The relations of the colonists to the Indians were threefold: they traded with the Indians, they fought with them, and they preached the gospel to them. The early settlers carried on trade with the natives, because it was profitable, and because it was often necessary, in keeping the colonists from starvation. They sought from pure and honest motives to convert the red men to Christianity. The people of Massachusetts were foremost in this laudable ambition. The Reverend John Eliot, the Apostle to the Indians, labored for many years to give them the gospel, and translated the Bible into their language.1 Eliot was assisted by many others, and many of the dusky inhabitants of the forest learned to bow down to the Christian's God. Nevertheless, conflict between the white men and the Indians was at times inevitable.
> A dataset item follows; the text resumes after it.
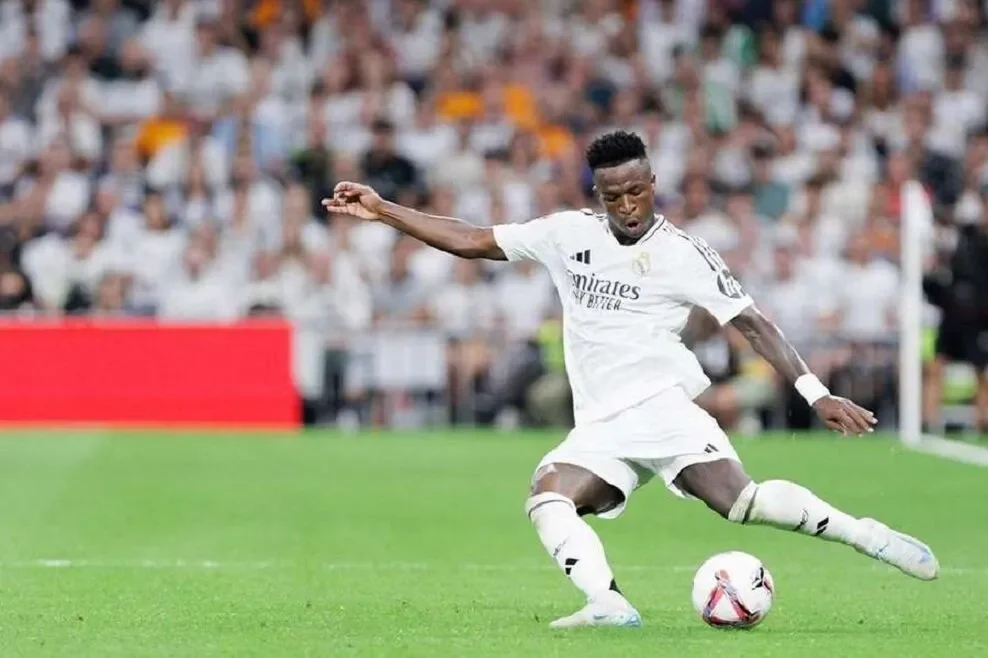 Ba trụ cột Real Madrid lọt vào tầm ngắm của các CLB Ả Rập Xê Út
The Indian could not understand the perpetual obligations of a treaty, nor could he discriminate between the honest settler who sought only to do him good, and the conscienceless trader who defrauded him. Hence the two races were embroiled in wars from time to time, until the stronger race finally triumphed over the weaker, and took sole possession of the land. No other result, indeed, was possible. The two races were so unlike in their aspirations and their capacity for civilization that they could not dwell together, and barbarism fell before the onmarch of civilization.
Philip was the son of Massasoit, chief of the Wampanoags, who had made a treaty of friendship with the Pilgrims of Plymouth soon after their landing. This treaty had been faithfully kept for fifty years, but soon after the death of the aged chief, Philip and his tribe became estranged from the white settlers and began to prepare for war. No particular cause for the war that ensured is known. It was apparently a spontaneous outburst, rather than the result of a conspiracy of the Indians. It is supposed that the Indians, seeing the gradual encroachment of the white men upon the lands of their fathers, determined to drive the intruders from the country.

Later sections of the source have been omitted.